BEGIN

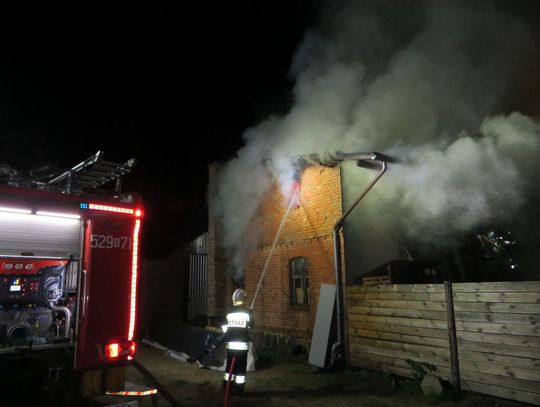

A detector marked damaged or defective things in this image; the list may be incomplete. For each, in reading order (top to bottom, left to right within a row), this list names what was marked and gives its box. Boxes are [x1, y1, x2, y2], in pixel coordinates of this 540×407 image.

broken window [288, 256, 310, 308]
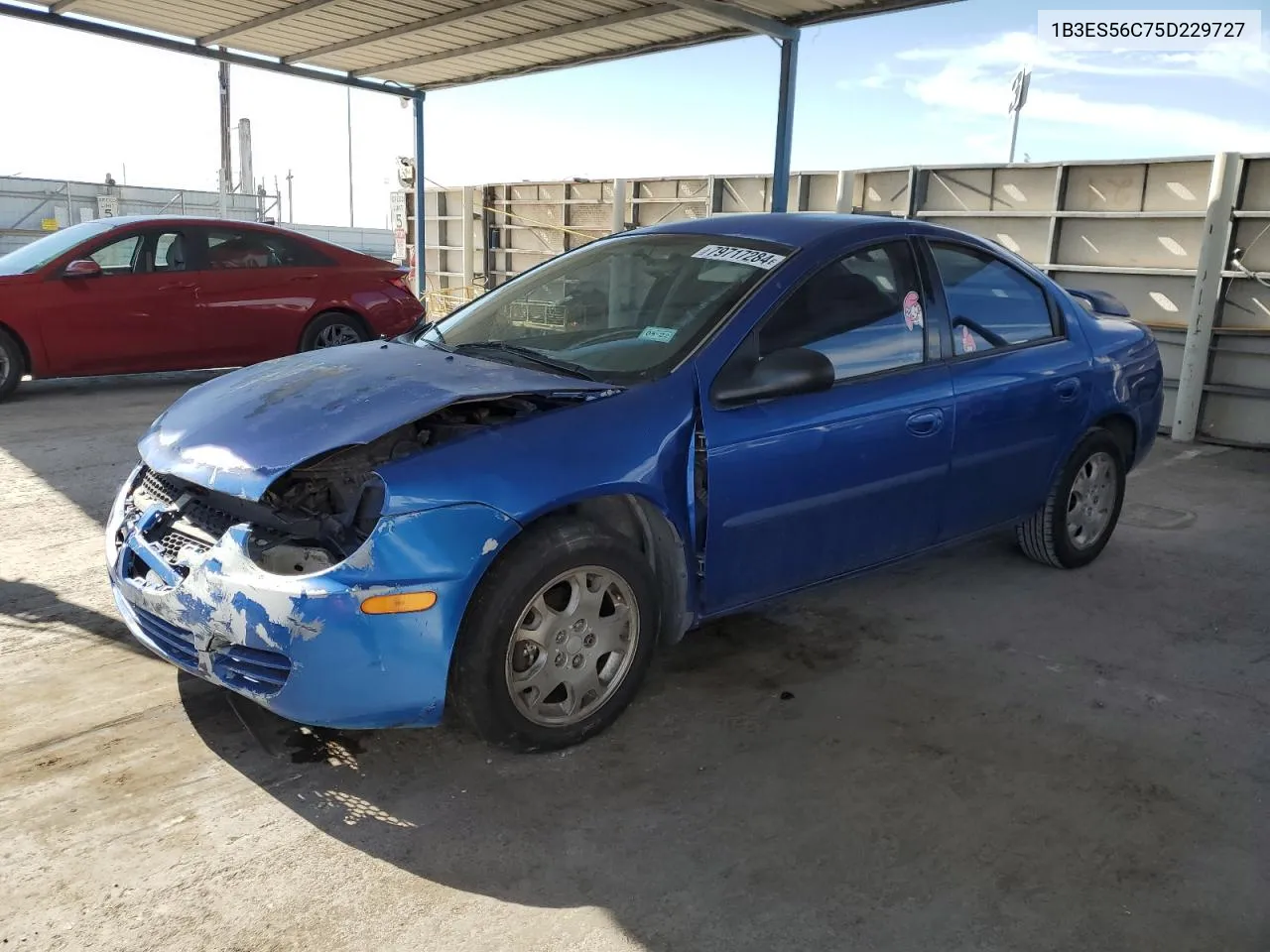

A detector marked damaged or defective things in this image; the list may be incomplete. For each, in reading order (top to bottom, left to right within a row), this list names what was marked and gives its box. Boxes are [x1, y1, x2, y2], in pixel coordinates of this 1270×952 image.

crushed hood [139, 340, 609, 502]
damaged front bumper [105, 467, 520, 731]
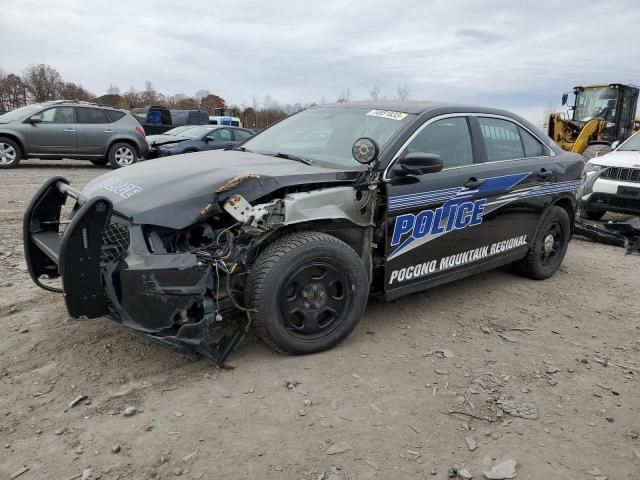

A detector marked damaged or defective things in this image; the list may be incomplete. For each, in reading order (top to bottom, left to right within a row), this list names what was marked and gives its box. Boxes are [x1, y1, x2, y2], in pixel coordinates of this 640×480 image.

crushed front end [24, 178, 250, 362]
crumpled hood [82, 149, 364, 230]
damaged police car [23, 103, 584, 362]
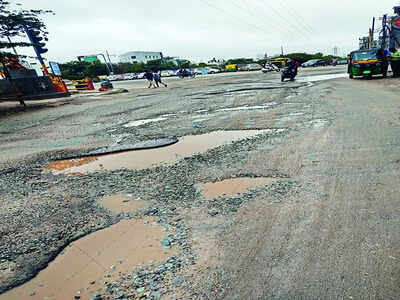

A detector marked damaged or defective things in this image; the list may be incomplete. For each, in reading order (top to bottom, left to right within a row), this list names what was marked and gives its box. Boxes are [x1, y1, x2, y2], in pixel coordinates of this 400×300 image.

pothole [45, 130, 270, 175]
water-filled pothole [47, 130, 272, 175]
pothole [99, 193, 145, 214]
damaged asphalt road [0, 67, 400, 298]
cracked asphalt [0, 67, 400, 298]
water-filled pothole [195, 177, 276, 198]
pothole [196, 176, 278, 199]
pothole [0, 218, 171, 300]
water-filled pothole [1, 218, 170, 300]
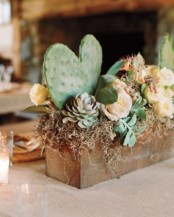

END

About this task: Restate the entire listing word for word, excluding pictures.

Answer box:
A detector marked damaged or defective things in this image; the list may be incomplete. For each, in reading order (top to bottom, left to right within a row), this list names what was marked and gives its box. Boxes are [x1, y1, x2, y2], in pixel coordinates of this 540×407 image.

broken window [288, 256, 310, 308]

A detector marked damaged or defective things in this image; the list may be incomplete. For each, in reading order (top to bottom, left to right within a row), this list names what was marked and gives its box. Boxes are [x1, y1, x2, y2], in pixel coordinates of this 1270×952 image.

crushed hood [139, 340, 609, 502]
damaged front bumper [105, 467, 520, 731]

A detector marked damaged or defective things in this image; the list may be incomplete. For each, in reading order (top to bottom, left to right within a row), this list names what was marked and gives its box. Boxes are [x1, y1, x2, y2], in pixel coordinates of this 640×480 image.

crushed front end [24, 178, 250, 362]
crumpled hood [82, 149, 364, 230]
damaged police car [23, 103, 584, 362]

A detector marked damaged or defective things in this image; the list may be incomplete. For each, in reading order (top to bottom, left to right within a row), this list names what was marked and gives its box. Boxes are [x1, y1, x2, y2], in pixel coordinates of this 400×300 image.

pothole [45, 130, 270, 175]
water-filled pothole [47, 130, 272, 175]
pothole [99, 193, 145, 214]
damaged asphalt road [0, 67, 400, 298]
cracked asphalt [0, 67, 400, 298]
water-filled pothole [195, 177, 276, 198]
pothole [196, 176, 278, 199]
pothole [0, 218, 171, 300]
water-filled pothole [1, 218, 170, 300]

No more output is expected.